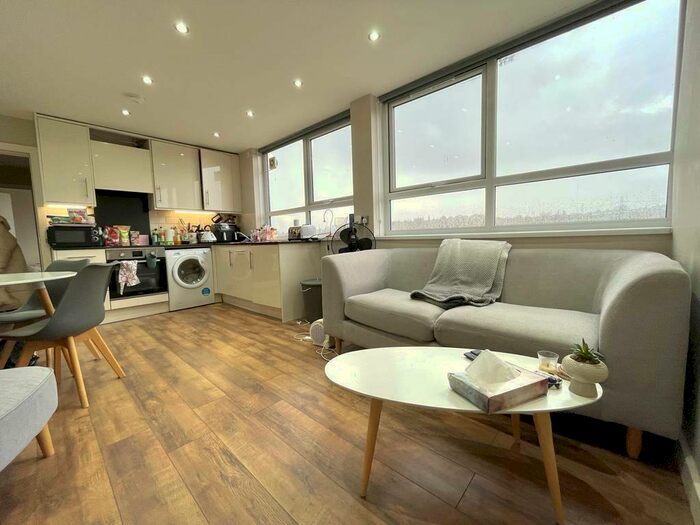 1 Bedroom Apartment To Rent In Kirkstall Gate, Kirkstall Road, Leeds, LS5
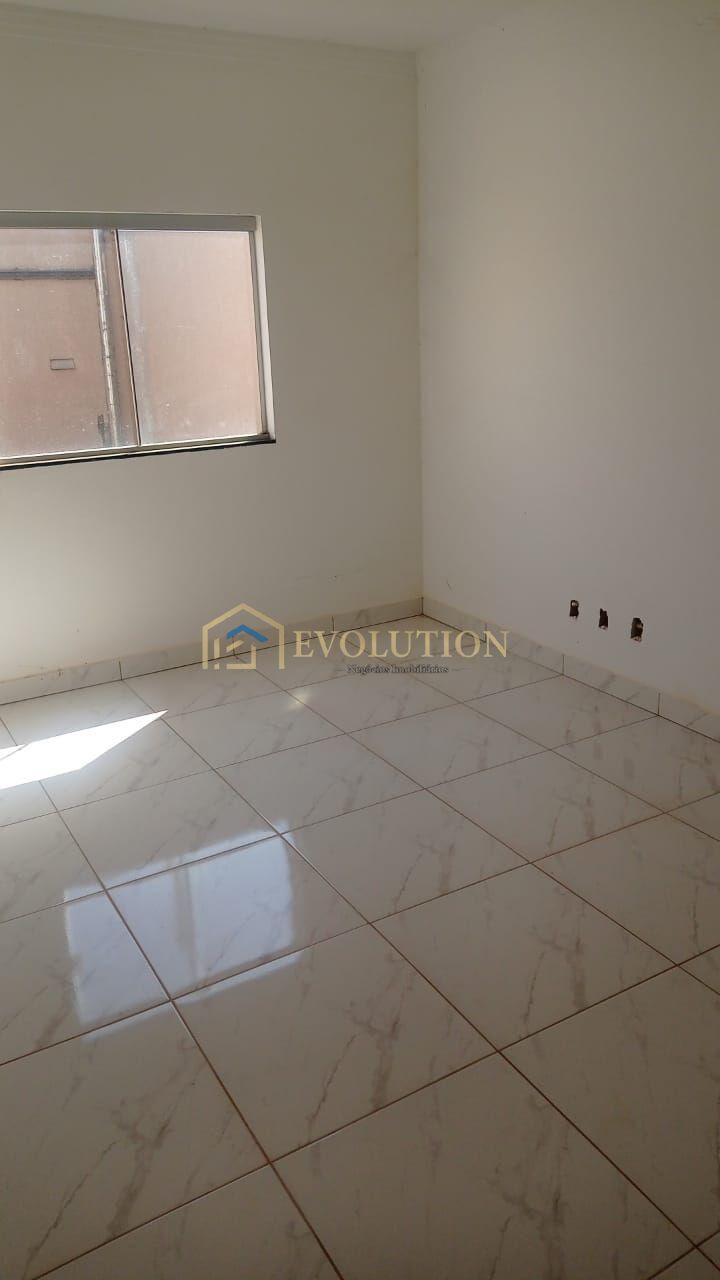 Casa, 3 quartos, 88 m² - Foto 2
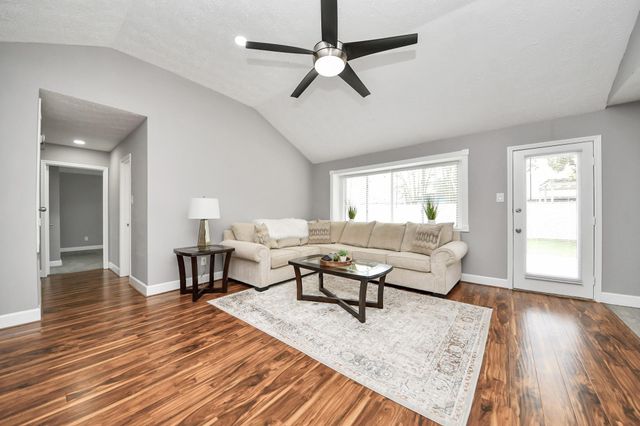 1113 Maple Creek Drive, La Porte, TX 77571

THE TASK: Pictures are to be left out; the listing above is otherwise to be copied exactly.

REPLY:
 1 Bedroom Apartment To Rent In Kirkstall Gate, Kirkstall Road, Leeds, LS5
 Casa, 3 quartos, 88 m² - Foto 2
 1113 Maple Creek Drive, La Porte, TX 77571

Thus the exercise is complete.